Another small information. It looks like Nvidia struggles with ADA103 marketing positioning. The performance delta with AD102 at same voltage / power curve is way too much. AD102 is basically ~50% faster and it seems that it creates a big hole in Ada product range vs AMD. So AD103 clocks and TGP are currently pushed to the moon (>3.1Ghz and 400W). I don't know anything about RDNA3 so I can't say more but it will be interesting to keep an eye on this category battle.
Oh and it's funny to see OEMs changing their mind about RDNA3 vs Ada. AMD started to give information first and the consensus was AMD will get an easy win. Then last weeks, Nvidia started to open up a bit to prepare for launch and now situation is very different. And surprise... leakers are following the trend of a much closer battle than anticipated
 
It's a bit interesting to me that Nvidia would have chosen such a large hardware separation between AD102 and AD103 in the first place given the above.
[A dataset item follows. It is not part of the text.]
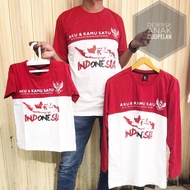 ATASAN KAOS SPESIAL 17 AGUSTUS/KAOS LENGAN PANJANG CEWEK COWOK/ATASAN MERAH PUTIH/BAJU KAOS 17 AGUSTUS/SERAGAM BUAT ACARA 17 AGUSTUS
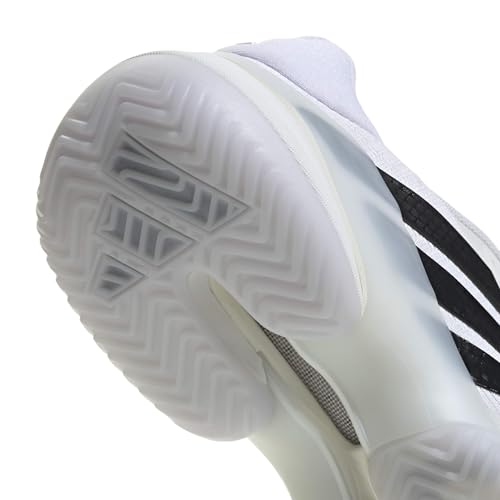Image of adidas Mens Barricade 14 Tennis Sneakers Shoes - Black, Orange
Were they expecting much worse defect and parametric yields for AD102 requiring a much larger cut? As otherwise on paper AD102 has >70% more hardware resources than AD103, and the large gap would have been something they would've already anticipated very early on. Or was AD103 designed in mind to the limit of they felt would fit for laptops? As on paper a 8 GPC design for AD103 seems like it would have fit better in terms of the stack.

Personally the upcoming rumored product stack is a bit problematic to me as I'm not strictly interested in raw performance. I was hoping for 12GB of VRAM (or higher) to be available in sub RTX 3080ti price and power categories (closer to 200w if not lower) and at higher perf than RTX 3060 (at least 3060ti or higher). Even throwing out price it doesn't seem like this will be available from the power stand point even with reasonable undervolting. So I'm still in the same boat as this gen, the RTX 3060 is too slow, the next bulk of the segment too low VRAM, and the 12GB+ ones way too high up the stack in terms of power (and price).

For those that just care about raw performance the latest rumors on clock speeds due paint the performance gain situation in a much more clear light (as the previous rumored 20% clock gains over Ampere would have required significant perf per SM gains as well) as well as explaining those high power figures relative to the SM gains vs Ampere.
 
Personally the upcoming rumored product stack is a bit problematic to me as I'm not strictly interested in raw performance. I was hoping for 12GB of VRAM (or higher) to be available in sub RTX 3080ti price and power categories (closer to 200w if not lower) and at higher perf than RTX 3060 (at least 3060ti or higher). Even throwing out price it doesn't seem like this will be available from the power stand point even with reasonable undervolting. So I'm still in the same boat as this gen, the RTX 3060 is too slow, the next bulk of the segment too low VRAM, and the 12GB+ ones way too high up the stack in terms of power (and price).
The rumored 4070 is a 160-bit bus, which means it's almost assuredly a deactivated memory controller on the chip. So a 4070Ti or whatever with 12GB is almost guaranteed at some point. As for power, since you dont care about performance as much, just turn the clocks down, turn the power limit down and if you really want to minimize power draw, undervolt it.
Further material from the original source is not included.